(Records from a collection)
-----

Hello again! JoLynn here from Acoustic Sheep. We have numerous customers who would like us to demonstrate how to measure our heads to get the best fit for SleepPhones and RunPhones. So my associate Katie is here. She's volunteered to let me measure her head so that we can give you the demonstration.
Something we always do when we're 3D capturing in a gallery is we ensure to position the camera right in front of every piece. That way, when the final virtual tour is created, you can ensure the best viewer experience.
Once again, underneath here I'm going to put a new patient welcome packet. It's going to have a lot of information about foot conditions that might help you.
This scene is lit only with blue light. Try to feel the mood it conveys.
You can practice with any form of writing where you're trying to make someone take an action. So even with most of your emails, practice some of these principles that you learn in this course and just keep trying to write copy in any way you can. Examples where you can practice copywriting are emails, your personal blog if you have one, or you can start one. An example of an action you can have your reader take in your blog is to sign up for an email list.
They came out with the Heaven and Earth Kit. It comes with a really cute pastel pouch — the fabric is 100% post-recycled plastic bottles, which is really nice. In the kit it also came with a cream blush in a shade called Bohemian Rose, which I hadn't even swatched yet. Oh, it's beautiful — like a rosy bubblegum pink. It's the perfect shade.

-----

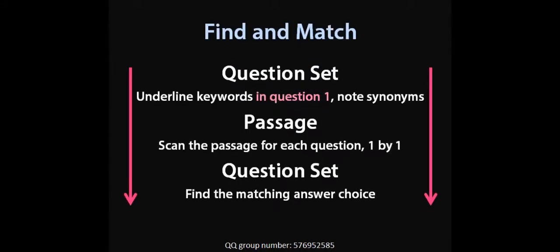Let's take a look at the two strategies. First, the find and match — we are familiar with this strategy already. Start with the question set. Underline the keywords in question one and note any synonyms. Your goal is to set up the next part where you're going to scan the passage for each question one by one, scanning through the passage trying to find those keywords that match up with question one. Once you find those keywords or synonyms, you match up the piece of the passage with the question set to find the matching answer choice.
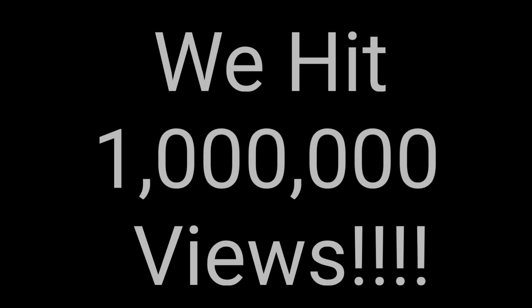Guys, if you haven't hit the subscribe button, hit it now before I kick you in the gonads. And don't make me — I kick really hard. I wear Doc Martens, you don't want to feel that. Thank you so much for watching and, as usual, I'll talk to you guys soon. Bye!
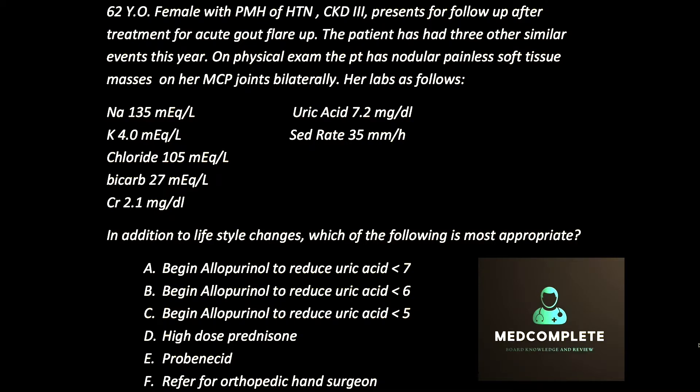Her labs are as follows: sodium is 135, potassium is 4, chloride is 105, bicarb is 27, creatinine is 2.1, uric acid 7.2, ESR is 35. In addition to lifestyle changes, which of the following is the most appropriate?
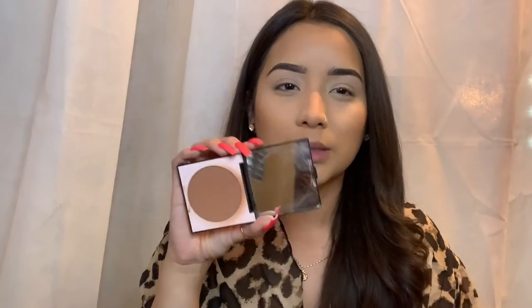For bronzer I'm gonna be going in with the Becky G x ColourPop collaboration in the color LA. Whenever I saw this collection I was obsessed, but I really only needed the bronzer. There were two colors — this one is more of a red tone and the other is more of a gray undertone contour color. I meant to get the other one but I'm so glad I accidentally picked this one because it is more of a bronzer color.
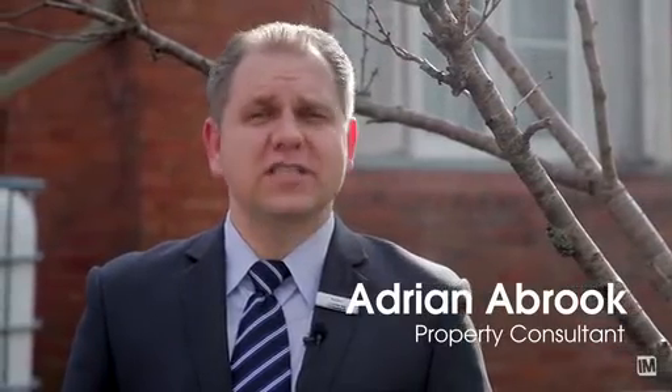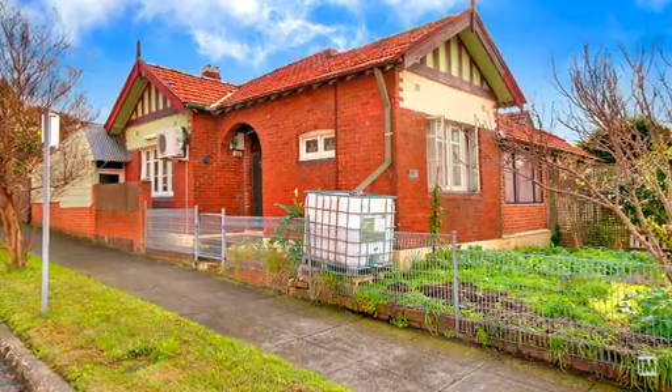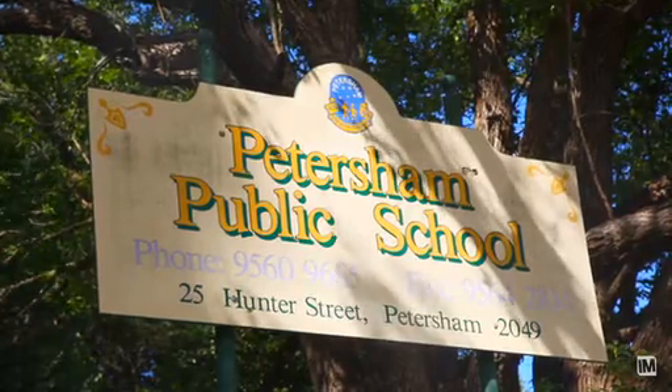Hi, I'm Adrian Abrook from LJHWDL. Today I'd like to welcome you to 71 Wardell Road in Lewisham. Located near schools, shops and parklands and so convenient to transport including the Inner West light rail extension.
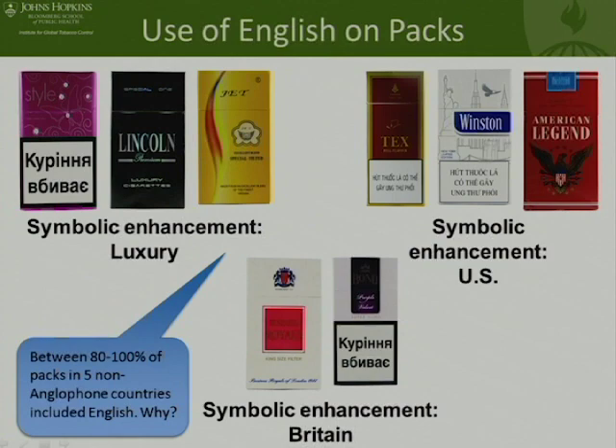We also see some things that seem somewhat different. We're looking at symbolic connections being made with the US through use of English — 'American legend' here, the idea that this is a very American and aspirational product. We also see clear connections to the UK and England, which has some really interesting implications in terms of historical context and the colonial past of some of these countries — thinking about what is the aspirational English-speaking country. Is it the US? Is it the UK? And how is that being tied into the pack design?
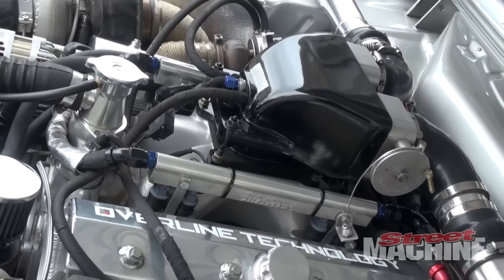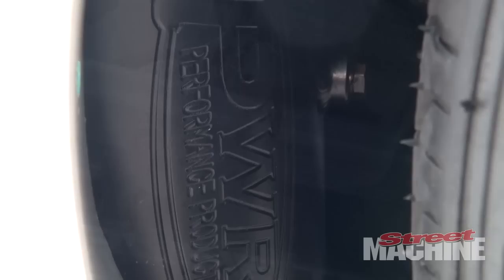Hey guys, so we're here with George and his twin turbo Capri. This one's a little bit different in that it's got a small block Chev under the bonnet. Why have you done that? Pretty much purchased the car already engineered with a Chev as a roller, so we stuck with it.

-----

**The problem**
Above are the records. Print exactly, and only, the lines from the line with "Hello again! JoLynn" to the line with "This scene is", both inclusive.

**Your solution**
Hello again! JoLynn here from Acoustic Sheep. We have numerous customers who would like us to demonstrate how to measure our heads to get the best fit for SleepPhones and RunPhones. So my associate Katie is here. She's volunteered to let me measure her head so that we can give you the demonstration.
Something we always do when we're 3D capturing in a gallery is we ensure to position the camera right in front of every piece. That way, when the final virtual tour is created, you can ensure the best viewer experience.
Once again, underneath here I'm going to put a new patient welcome packet. It's going to have a lot of information about foot conditions that might help you.
This scene is lit only with blue light. Try to feel the mood it conveys.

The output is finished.